TASK PROMPT -> Wherever the listing holds a picture, leave it out, and copy the remainder exactly.

DATA BLOCK ->
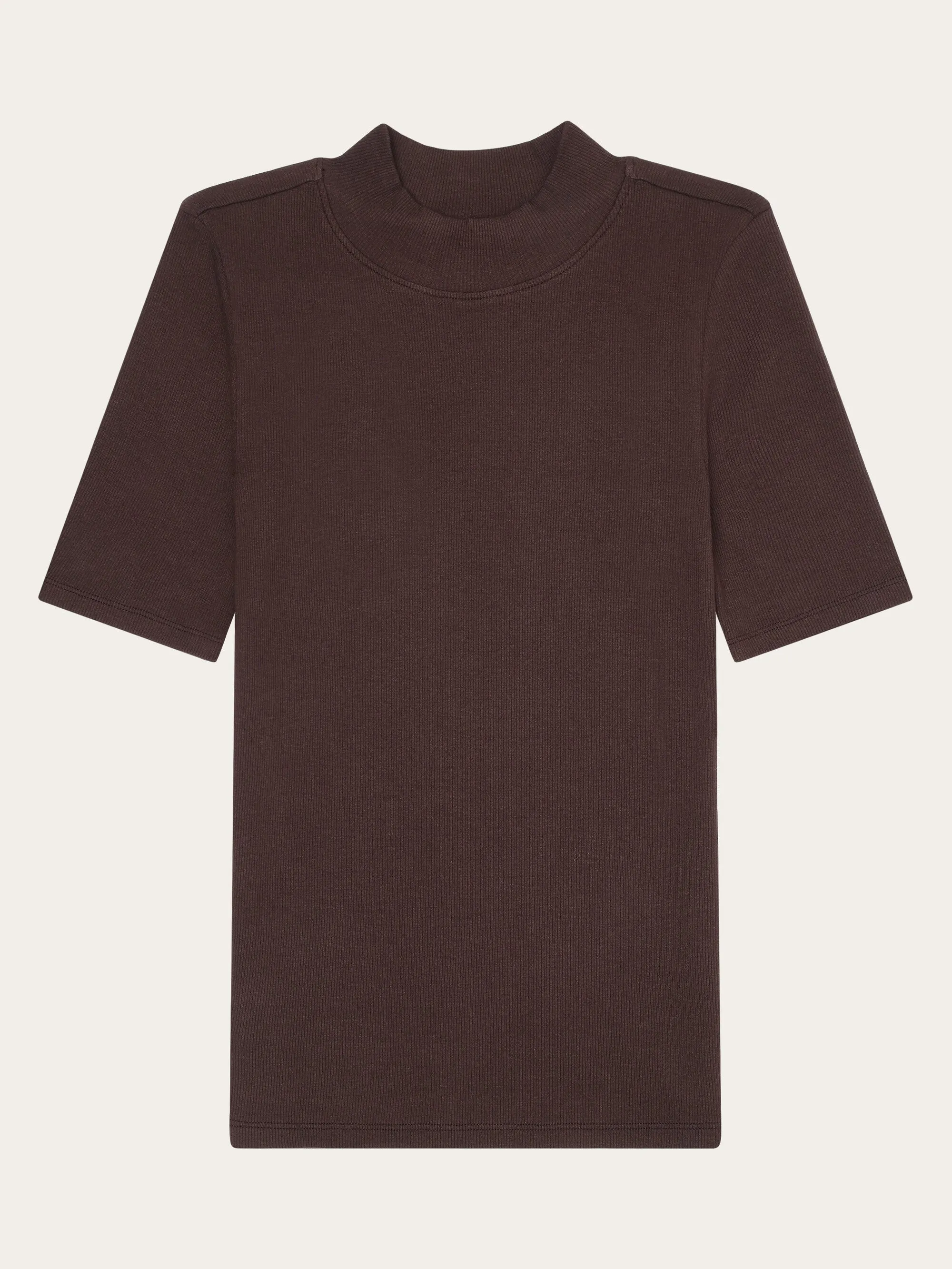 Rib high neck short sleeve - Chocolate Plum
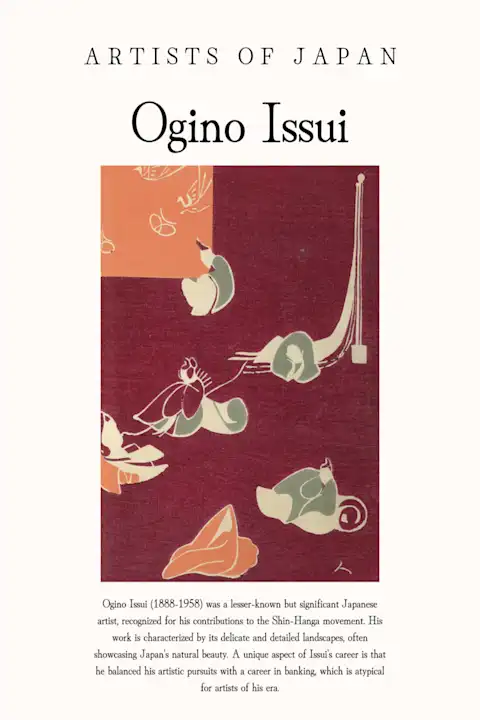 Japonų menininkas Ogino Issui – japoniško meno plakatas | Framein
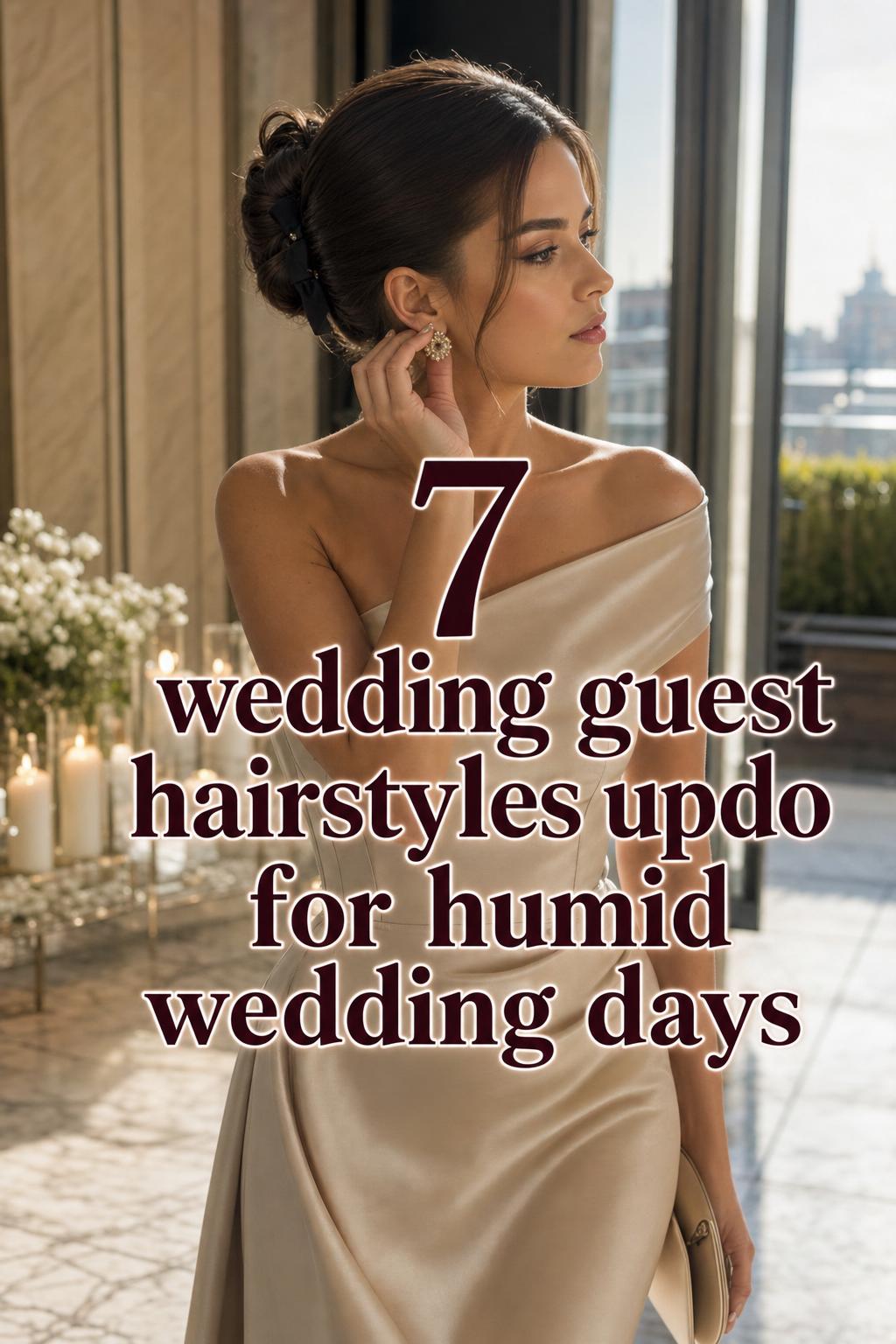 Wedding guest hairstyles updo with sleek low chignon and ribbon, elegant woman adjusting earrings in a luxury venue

SOLUTION TO THE EXERCISE ->
 Rib high neck short sleeve - Chocolate Plum
 Japonų menininkas Ogino Issui – japoniško meno plakatas | Framein
 Wedding guest hairstyles updo with sleek low chignon and ribbon, elegant woman adjusting earrings in a luxury venue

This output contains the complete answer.